Untitled, vitrine (The habitual distance between in and out) tenta di definire, come dichiarato dal suo titolo, i confini tra il fuori e il dentro: una vetrina composta di moduli assemblabili, un’impalcatura di ferro chiusa in basso e in alto da pannelli di legno e di lato da larghi riquadri di vetro trasparente, è completamente permeabile e attraversabile dallo sguardo. Essa mima uno degli oggetti espositivi più comuni – la vetrina - ma riducendo con reticenza ed efficacia i suoi elementi costitutivi, la sospende in un limbo temporale non ben definito, lasciando che l’attenzione si concentri sulla sua funzione di limite ambiguo e che compaia come elemento sdrucciolo, manchevole, nello stato in cui avrebbe forse potuto presentarsi poco prima dell’apertura di una mostra.

Elementi in scala minore ma di uguale importanza sono accuratamente giustapposti agli altri lungo il percorso espositivo. Poggiati su tavoli pieghevoli, una paio di proiettori Kodak sono privati dei loro tradizionali caroselli a ciambella per diapositive, sostituiti da elementi in onice uguali per forma ma sicuramente differenti nella materia, nel peso e nel tempo a cui appartengono. Tautologicamente l’immagine proiettata a muro, generata dall’immaterialità della luce, è la fotografia della faccia a vista della pietra di onice, che ci suggerisce qualcosa di familiare ma al contempo un universo incognito.

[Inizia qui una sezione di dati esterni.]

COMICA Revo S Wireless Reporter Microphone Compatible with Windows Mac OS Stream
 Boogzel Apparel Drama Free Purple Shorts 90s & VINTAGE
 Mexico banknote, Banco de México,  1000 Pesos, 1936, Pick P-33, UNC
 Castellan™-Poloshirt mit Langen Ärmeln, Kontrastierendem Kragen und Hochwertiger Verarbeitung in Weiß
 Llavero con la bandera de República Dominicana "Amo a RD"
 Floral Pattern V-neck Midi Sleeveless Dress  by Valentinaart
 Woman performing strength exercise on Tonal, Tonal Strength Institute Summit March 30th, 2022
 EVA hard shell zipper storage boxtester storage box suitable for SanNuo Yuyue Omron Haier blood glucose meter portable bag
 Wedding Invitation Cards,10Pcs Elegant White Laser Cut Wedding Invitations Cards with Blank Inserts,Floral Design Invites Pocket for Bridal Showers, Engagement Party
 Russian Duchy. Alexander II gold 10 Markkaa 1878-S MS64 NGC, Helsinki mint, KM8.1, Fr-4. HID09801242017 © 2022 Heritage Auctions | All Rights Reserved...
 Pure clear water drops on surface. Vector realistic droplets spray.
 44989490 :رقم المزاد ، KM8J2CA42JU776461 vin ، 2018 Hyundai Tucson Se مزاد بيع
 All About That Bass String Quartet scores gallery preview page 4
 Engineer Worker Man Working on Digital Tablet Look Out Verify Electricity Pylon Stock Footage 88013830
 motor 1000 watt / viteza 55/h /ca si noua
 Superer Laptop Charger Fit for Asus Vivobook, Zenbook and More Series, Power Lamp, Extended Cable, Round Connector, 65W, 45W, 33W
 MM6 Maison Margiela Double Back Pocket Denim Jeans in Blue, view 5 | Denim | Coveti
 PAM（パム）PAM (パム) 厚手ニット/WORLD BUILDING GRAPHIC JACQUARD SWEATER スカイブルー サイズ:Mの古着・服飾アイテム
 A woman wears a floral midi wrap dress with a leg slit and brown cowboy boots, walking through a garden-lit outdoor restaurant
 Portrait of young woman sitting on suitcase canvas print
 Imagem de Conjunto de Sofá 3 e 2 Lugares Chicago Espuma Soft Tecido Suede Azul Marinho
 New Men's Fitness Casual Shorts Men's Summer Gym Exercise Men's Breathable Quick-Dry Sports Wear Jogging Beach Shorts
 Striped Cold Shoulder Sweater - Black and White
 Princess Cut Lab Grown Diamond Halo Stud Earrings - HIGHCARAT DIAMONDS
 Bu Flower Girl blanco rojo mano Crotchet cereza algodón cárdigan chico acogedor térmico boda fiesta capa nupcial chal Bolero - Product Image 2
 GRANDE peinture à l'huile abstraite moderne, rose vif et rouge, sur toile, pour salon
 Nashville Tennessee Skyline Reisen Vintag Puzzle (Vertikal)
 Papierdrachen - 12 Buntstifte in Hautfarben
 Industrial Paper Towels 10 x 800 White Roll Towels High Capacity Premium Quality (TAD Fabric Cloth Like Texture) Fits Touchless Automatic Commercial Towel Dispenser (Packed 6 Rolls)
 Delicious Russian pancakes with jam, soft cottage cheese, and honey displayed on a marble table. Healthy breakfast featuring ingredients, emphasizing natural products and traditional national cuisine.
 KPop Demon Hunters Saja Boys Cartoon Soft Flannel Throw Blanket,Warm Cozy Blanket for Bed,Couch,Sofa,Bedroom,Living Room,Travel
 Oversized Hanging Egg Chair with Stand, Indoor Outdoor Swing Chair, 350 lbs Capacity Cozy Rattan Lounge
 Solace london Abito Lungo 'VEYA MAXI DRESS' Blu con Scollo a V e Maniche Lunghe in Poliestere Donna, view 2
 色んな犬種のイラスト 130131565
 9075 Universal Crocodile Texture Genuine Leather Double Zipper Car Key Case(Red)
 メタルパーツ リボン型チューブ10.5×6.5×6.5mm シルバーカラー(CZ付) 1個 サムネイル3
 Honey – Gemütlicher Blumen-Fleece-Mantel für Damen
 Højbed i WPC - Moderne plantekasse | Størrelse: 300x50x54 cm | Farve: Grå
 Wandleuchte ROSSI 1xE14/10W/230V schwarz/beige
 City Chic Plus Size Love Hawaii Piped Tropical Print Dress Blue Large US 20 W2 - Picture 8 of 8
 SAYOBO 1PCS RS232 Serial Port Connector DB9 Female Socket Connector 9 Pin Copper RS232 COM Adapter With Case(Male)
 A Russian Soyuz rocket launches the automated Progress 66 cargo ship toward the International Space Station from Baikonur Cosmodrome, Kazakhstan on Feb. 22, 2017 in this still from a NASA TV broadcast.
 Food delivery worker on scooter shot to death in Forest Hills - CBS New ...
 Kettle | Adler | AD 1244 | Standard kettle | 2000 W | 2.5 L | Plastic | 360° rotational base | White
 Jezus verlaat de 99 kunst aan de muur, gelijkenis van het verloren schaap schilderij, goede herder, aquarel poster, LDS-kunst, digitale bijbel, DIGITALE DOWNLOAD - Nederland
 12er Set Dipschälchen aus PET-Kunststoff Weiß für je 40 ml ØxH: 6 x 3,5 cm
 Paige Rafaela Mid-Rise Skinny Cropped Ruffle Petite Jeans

Sa di misterioso, di un tempo geologicamente lontano anche l’aspetto di alcuni blocchi di marmo disseminati nelle varie stanze della galleria. I lati, non levigati, trasmettono una solida gravità, mentre la superficie superiore lucida nasconde una trama aliena alle venature più o meno sottili dei blocchi lapidei. In controluce e dia-gonalmente scorrono blocchi di lettere serigrafate che si ripetono, che guardando bene, rivelano la frase ‘Made in Jupiter’: nuovamente un paradosso e uno scarto linguistico che media tra l’abitudine alla presenza del marchio di provenienza su alcuni prodotti e un luogo invece del tutto improbabile, cosmicamente incognito e lon-tano, da cui le pietre potrebbero essere giunte a noi, o da dove forse arriveranno in futuro.

La apertura del cubo, unico lavoro video presente in mostra, nasce dall’idea di una performance mai realizzata da Sierra, in cui l’artista aveva previsto di irrompere nell’edificio che avrebbe ospitato una sua mostra attraverso una finestra e, dopo aver mangiato un cubo di gelatina al cui interno era custodita la chiave di accesso all’edificio, avrebbe aperto con essa la porta d’ingresso permettendo ai visitatori di entrare, dando inizio al vernissage.

Contrariamente a quanto pianificato il video, girato in 16 mm, gioca ancora una volta su un doppio registro, sfruttando la dualità opposta di caratteristiche della gelatina, solida ma tremolante e sempre sull’orlo di rompersi, trasparente ma viscosa, e nella cui massa molle è imprigionata una chiave. Nel video il blocco di gelatina poggia su un vassoio di bianco smaltato, mosso prima con lentezza e cautela e poi più energicamente dalle mani dell’artista, fino al momento in cui la sua massa potrebbe frantumarsi, quando invece le immagini svaniscono in dissolvenza.